The performance should be the same. However, the advantage appears with your cat2 table:
select c1.val, c2.val, c2.valnow, . . .
from (select count(cat1_id) as val from cat1) c1 cross join
(select count(cat2_id) as val
count(case when date >= date(now()) then cat2_id end)
from cat2
) c2 cross join
. . .
You get a real savings here by not having to scan the table twice to get two values. This also helps when you realize that you might want to modify queries to return more than one value.
I believe the cross join and select-within-select would have the same performance characteristics. The only way to really be sure is to test different versions.
The better way, is use just one query, because is only one conecction with database, instead of, if you use many queries, then are many conecctions with database, this process involves: coneccting and disconeccting, and this is more slower.
Just to follow up your comment, here is an example using one of my DBs. Using a prepared statement here buys you nothing. This multiple query in fact only executes one RPC to the D/B engine. All of the other calls are local to the PHP runtime system.
$db = new mysqli('localhost', 'user', 'password', 'blog');
$table = explode( ' ', 'articles banned comments config language members messages photo_albums photos');
foreach( $table as $t ) {
$sql[] = "select count(*) as count from blog_$t";
}
if ($db->multi_query( implode(';',$sql) )) {
foreach( $table as $t ) {
if ( ($rs = $db->store_result() ) &&
($row = $rs->fetch_row() ) ) {
$result[$t] = $row[0];
$rs->free();
$db->next_result(); // you must execute one per result set
}
}
}
$db->close();
var_dump( $result );
Just out of interest, I did an strace on this and the relevant four lines are
16:54:09.894296 write(4, "\211\1\0\0\3select count(*) as count fr"..., 397) = 397
16:54:09.895264 read(4, "\1\0\0\1\1\33\0\0\2\3def\0\0\0\5count\0\f?\0\25\0\0\0\10\201"..., 16384) = 544
16:54:09.896090 write(4, "\1\0\0\0\1", 5) = 5
16:54:09.896192 shutdown(4, 2 /* send and receive */) = 0
There was ~1 mSec between the query and the response to and from the MySQLd process (this is because this was on localhost, and the results were in its query cache, BTW).. and 0.8 mSec later the DB close was executed. And that's on my 4-yr old laptop.

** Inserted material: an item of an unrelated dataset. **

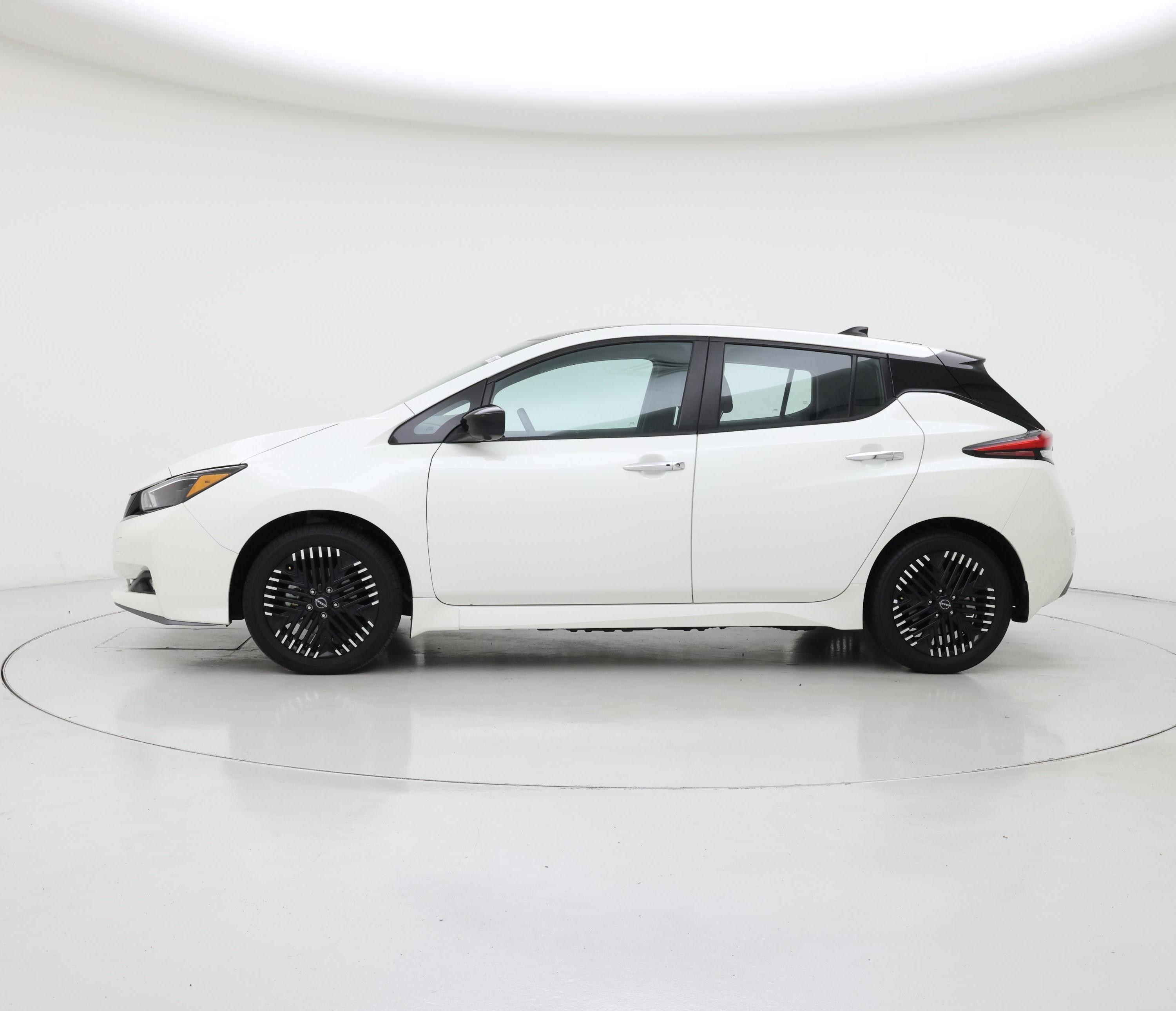 Thumbnail: 2024 Nissan Leaf - 3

Regarding to TerryE's example and the advice to use multi_query(!), I checked the manual and changed the script to fit my needs.. finally I got a solution that looks like this:
$sql = 'SELECT COUNT(cat1_id) as `cat1` FROM `cat1`;';
$sql .= 'SELECT COUNT(cat2_id) as `cat2` FROM `cat2`;';
$sql .= 'SELECT COUNT(cat2_id) as `cat2_b` FROM `cat2` WHERE `date` >= DATE(NOW());';
$sql .= 'SELECT COUNT(cat3_id) as `cat3` FROM `cat3`;';
$sql .= 'SELECT COUNT(cat4_id) as `cat4` FROM `cat4`;';
$sql .= 'SELECT COUNT(cat5_id) as `cat5` FROM `cat5`;';
$sql .= 'SELECT COUNT(cat6_id) as `cat6` FROM `cat6`;';
$sql .= 'SELECT COUNT(cat7_id) as `cat7` FROM `cat7`;';
if ($db->multi_query($sql))
{
do
{
if ($stmt = $db->store_result())
{
while ($row = $stmt->fetch_assoc())
{
foreach ($row as $key => $value)
{
$count[$key] = $value;
}
}
$stmt->free_result();
}
} while ($db->more_results() && $db->next_result());
}
There are some differences to TerryE's example, but the result is the same. I'm aware that there are 7 line at the beginning that are almost identical, but as soon as I need a WHERE clause or something else, I prefer this solution to a foreach loop where I'd need to add queries manually or use exceptions with if { ... } ...
As far as I can see, there should be no problem with my solution, or did I miss something?